▶ _EXERCISE DETAILS_
Any picture in the data below gets skipped; print all the rest exactly.

▶ _DATA EXCERPT_
★ ★ ★ ★
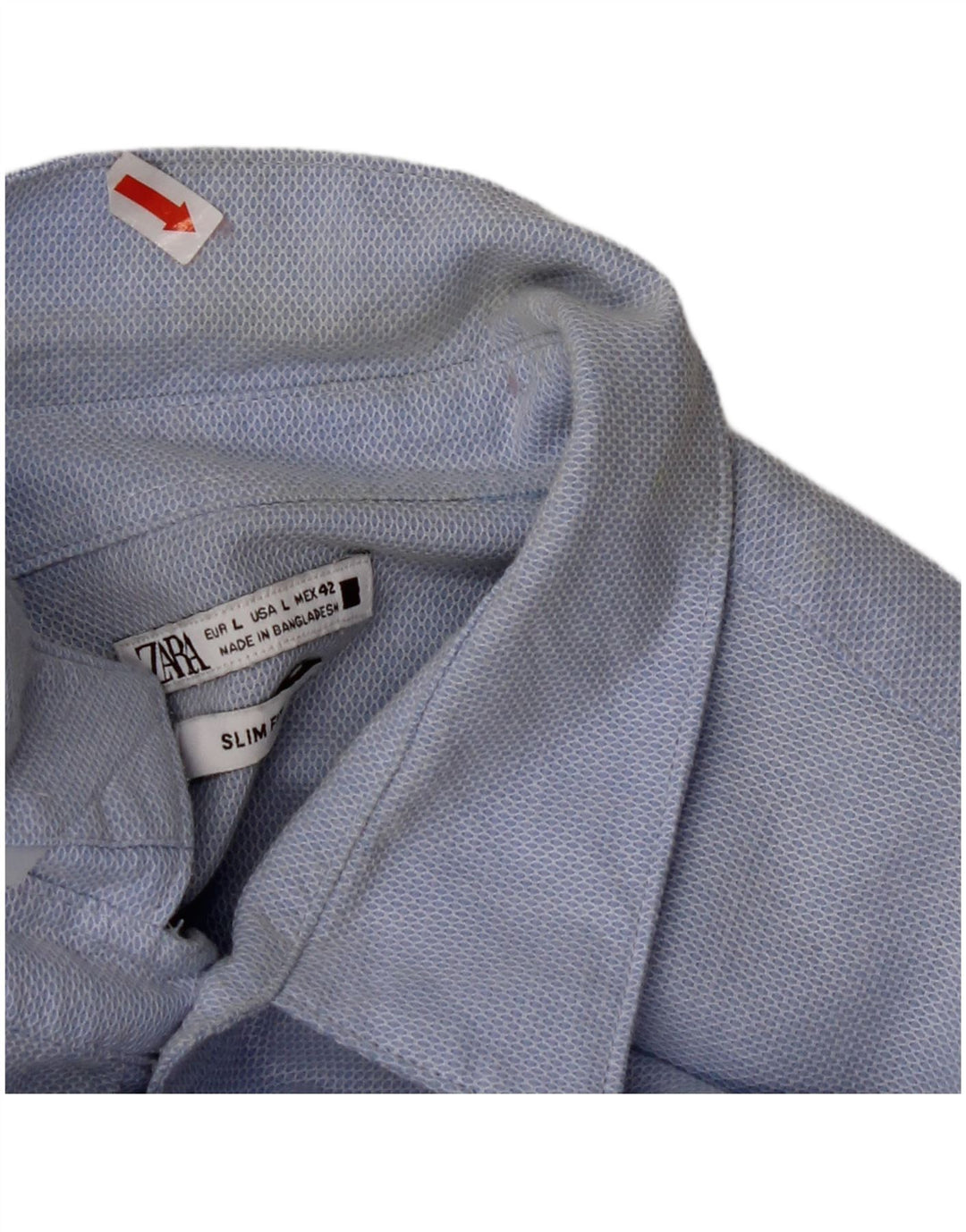 ZARA Herren-Slim-Fit-Hemd, groß, aus blauer Baumwolle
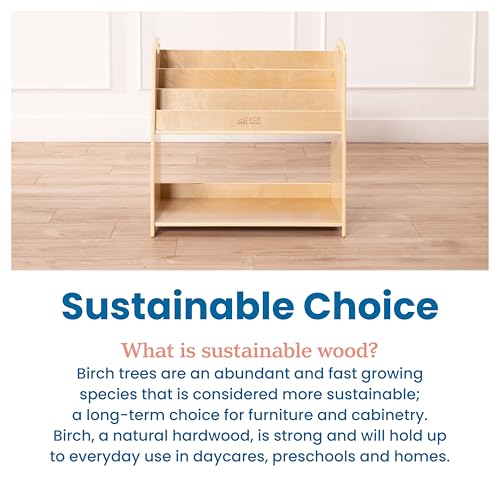 ECR4Kids 3-Shelf Floor Book Display with Handles and Storage, 30in, Kids Bookshelf, Natural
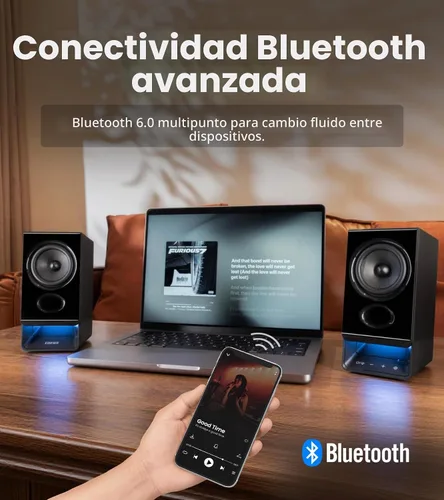 Vista 3 de Edifier Altavoces R20BT para computadora, controles táctiles, entradas AUX Negro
★ ★ ★ ★
▶ _WRITTEN RESPONSE_
 ZARA Herren-Slim-Fit-Hemd, groß, aus blauer Baumwolle
 ECR4Kids 3-Shelf Floor Book Display with Handles and Storage, 30in, Kids Bookshelf, Natural
 Vista 3 de Edifier Altavoces R20BT para computadora, controles táctiles, entradas AUX Negro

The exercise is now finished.